**RECORD EXCERPTS:**

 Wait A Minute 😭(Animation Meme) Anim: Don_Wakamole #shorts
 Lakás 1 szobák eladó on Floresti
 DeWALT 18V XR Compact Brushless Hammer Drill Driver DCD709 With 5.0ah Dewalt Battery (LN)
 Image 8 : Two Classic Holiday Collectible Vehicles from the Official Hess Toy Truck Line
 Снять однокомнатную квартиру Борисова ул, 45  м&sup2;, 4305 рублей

--

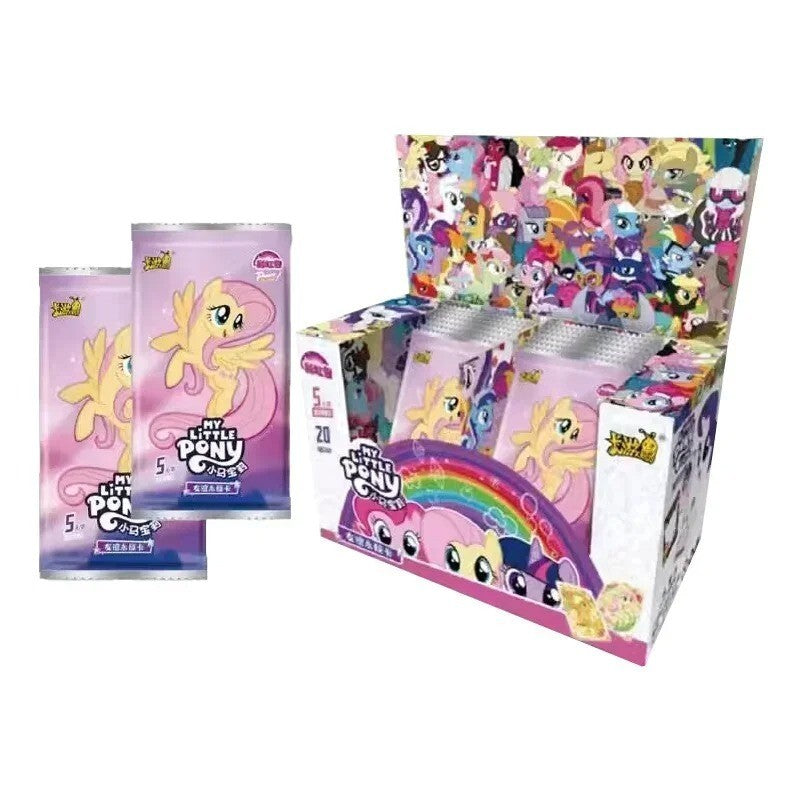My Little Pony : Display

**WHAT IS BEING ASKED:** Write out, from the lines above, only those from the line with "Wait A Minute" to the line with "Снять однокомнатную квартиру", exactly as given, including the first and the last.

**WORKED SOLUTION:**
 Wait A Minute 😭(Animation Meme) Anim: Don_Wakamole #shorts
 Lakás 1 szobák eladó on Floresti
 DeWALT 18V XR Compact Brushless Hammer Drill Driver DCD709 With 5.0ah Dewalt Battery (LN)
 Image 8 : Two Classic Holiday Collectible Vehicles from the Official Hess Toy Truck Line
 Снять однокомнатную квартиру Борисова ул, 45  м&sup2;, 4305 рублей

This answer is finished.